To do
In the listing below, find the line containing "Hajime no Ippo Capítulo 247 - Página 12" and the line containing "Kars'ta basın mensuplarına", then copy exactly everything from the first through the second, except the pictures.

Data for review START

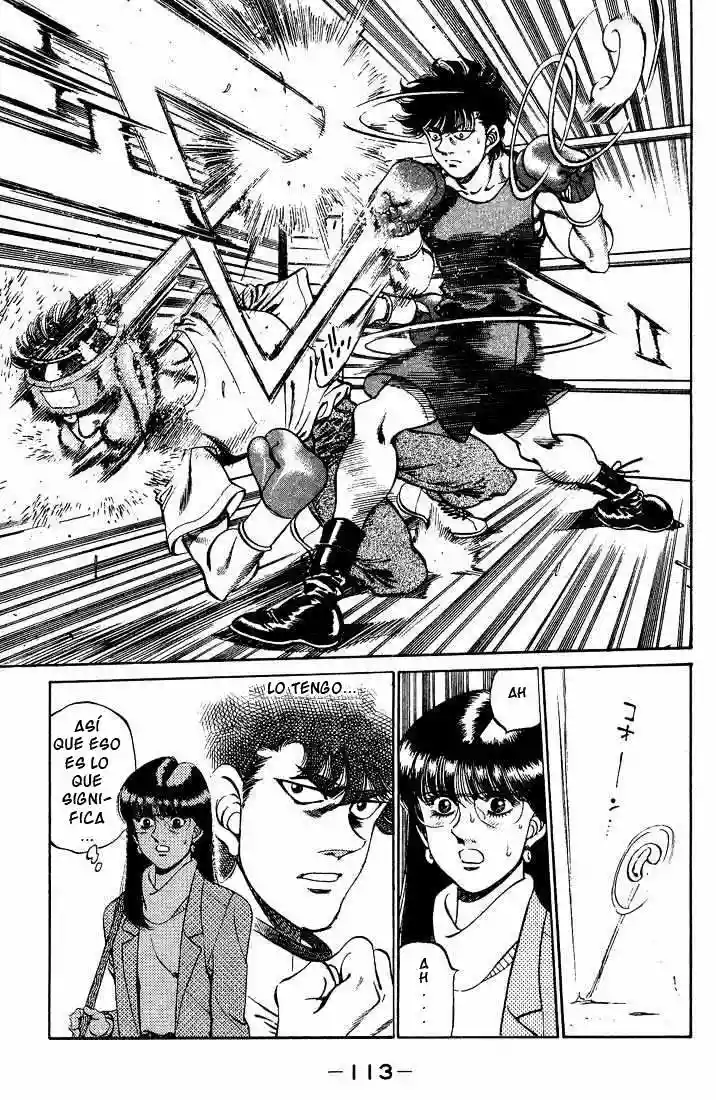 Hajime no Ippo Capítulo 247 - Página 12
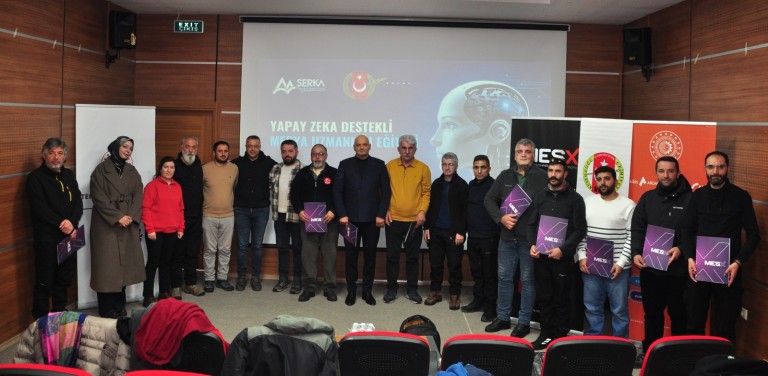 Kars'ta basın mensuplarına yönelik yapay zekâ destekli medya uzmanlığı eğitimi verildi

Data for review END
Data for review START

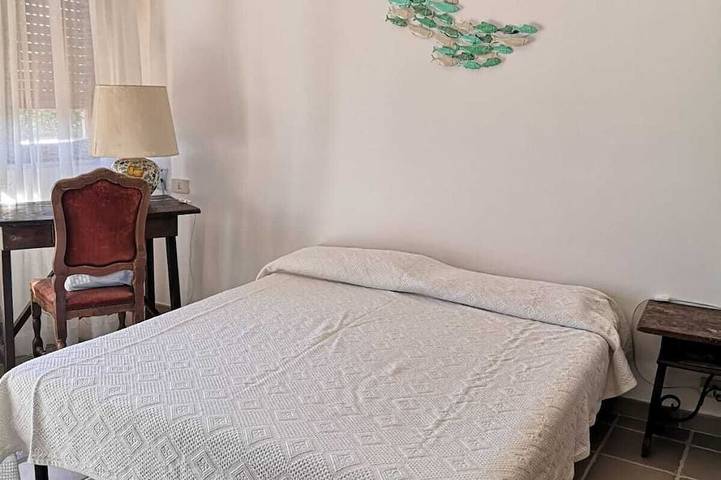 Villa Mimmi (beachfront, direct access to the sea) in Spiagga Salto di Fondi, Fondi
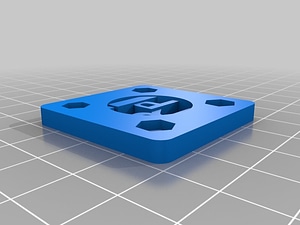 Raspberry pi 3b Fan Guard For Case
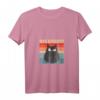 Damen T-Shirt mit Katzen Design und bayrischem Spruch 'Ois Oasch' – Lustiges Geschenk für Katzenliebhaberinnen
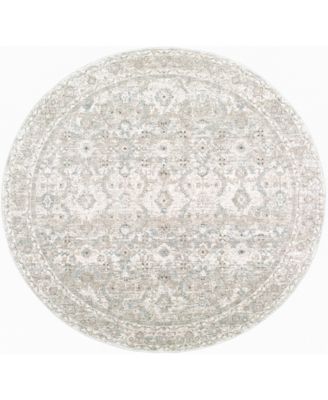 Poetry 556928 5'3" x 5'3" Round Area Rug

Data for review END

Written response
 Hajime no Ippo Capítulo 247 - Página 12
 Kars'ta basın mensuplarına yönelik yapay zekâ destekli medya uzmanlığı eğitimi verildi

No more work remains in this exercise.